In the entries below, begin at the line with "IP Pbs for World Of Tanks" and stop after the line with "Recherche de fleurs"; output those lines exactly and omit the pictures.

Segment Start: DATA TO EXAMINE

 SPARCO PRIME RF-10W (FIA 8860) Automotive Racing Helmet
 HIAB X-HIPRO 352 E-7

Segment End: DATA TO EXAMINE
Segment Start: DATA TO EXAMINE

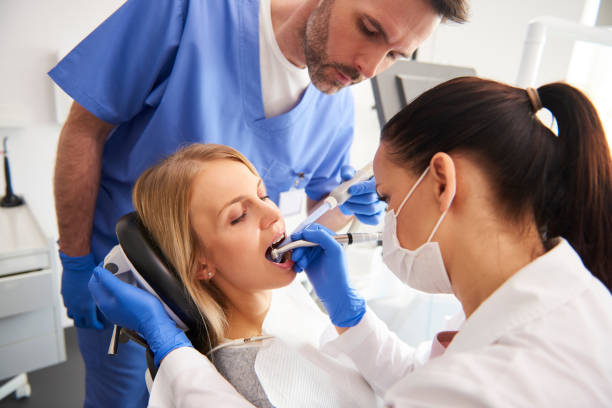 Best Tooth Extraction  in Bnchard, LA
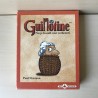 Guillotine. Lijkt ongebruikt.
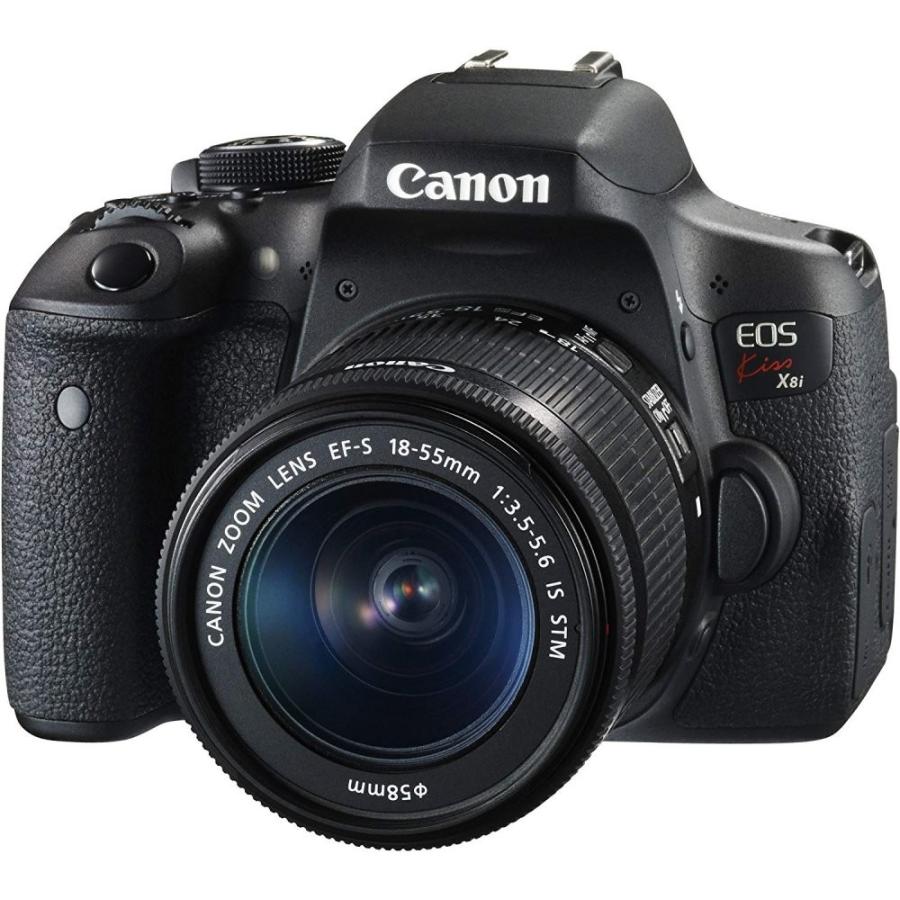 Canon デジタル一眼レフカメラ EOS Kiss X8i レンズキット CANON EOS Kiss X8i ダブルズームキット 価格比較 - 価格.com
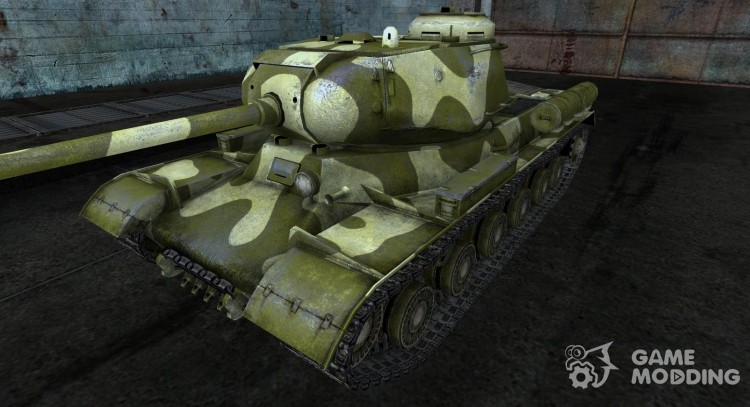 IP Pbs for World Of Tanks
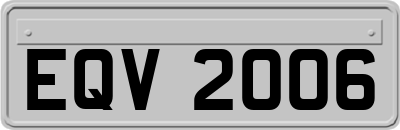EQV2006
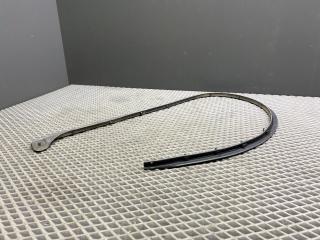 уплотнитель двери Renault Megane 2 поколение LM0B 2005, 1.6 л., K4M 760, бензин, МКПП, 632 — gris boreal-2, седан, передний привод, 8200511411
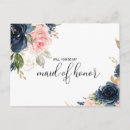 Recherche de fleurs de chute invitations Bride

Segment End: DATA TO EXAMINE

— RESPONSE —
 IP Pbs for World Of Tanks
EQV2006
 уплотнитель двери Renault Megane 2 поколение LM0B 2005, 1.6 л., K4M 760, бензин, МКПП, 632 — gris boreal-2, седан, передний привод, 8200511411
 Recherche de fleurs de chute invitations Bride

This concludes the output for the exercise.